Figure 5 illustrates the weekly trend comparing “Obama” and “Romney” in tweets’ attention in 30 U.S. Cities. The graph illustrated a few interesting patterns. First, the highest attention week is the week of Democrat Convention (Sep. 02-08) and the GOP convention week did not create a very strong attention in social media. Second, the killing of U.S. Ambassador in Benghazi did trigger a higher attention for “Romney” and then the TV debates also create attentions for both candidates.
Figure 6 is the comparison between the RCP Poll Averages vs the Tweets Attention.
In addition to these preliminary analysis results, our project also create several interactive online tools for mapping the presidential election trend here:
Our next step is to conduct a deeper analysis of these tweets by using computational linguistic tools to separate PRO and CON tweets for each candidate and also establish the Twitter user profile comparing to the U.S. population distribution (Figure 7). Each social media user profile may be different from each other. Different age groups may use different types of keywords in their tweets. Some day, our algorithms may be able to help us to identify users’ age group automatically. But .. not today.

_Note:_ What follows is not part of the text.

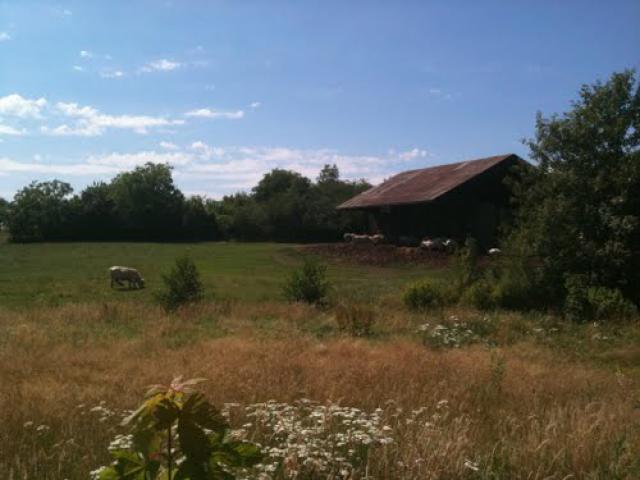 Grange in the prairie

Social media have lots of potential to be applied in the election campaign or poll analysis. It is different from traditional poll surveys, which collect data from “passive” voters. Twitter, on the other hand, can be used to collect “active” voters who are actively posting their favorite candidates. Active voters are more likely to “vote” in real world comparing to “passive” voters. My prediction is that the social media will be used intensively in 2016 Presidential Election, when we develop more comprehensive data analysis methods and data clearing algorithms.
Well, it’s past midnight now. I have to go to bed and sleep. If we are “lucky” enough, maybe one of our graphs above will become the magic crystal ball tomorrow.
Ming Tsou from San Diego State University.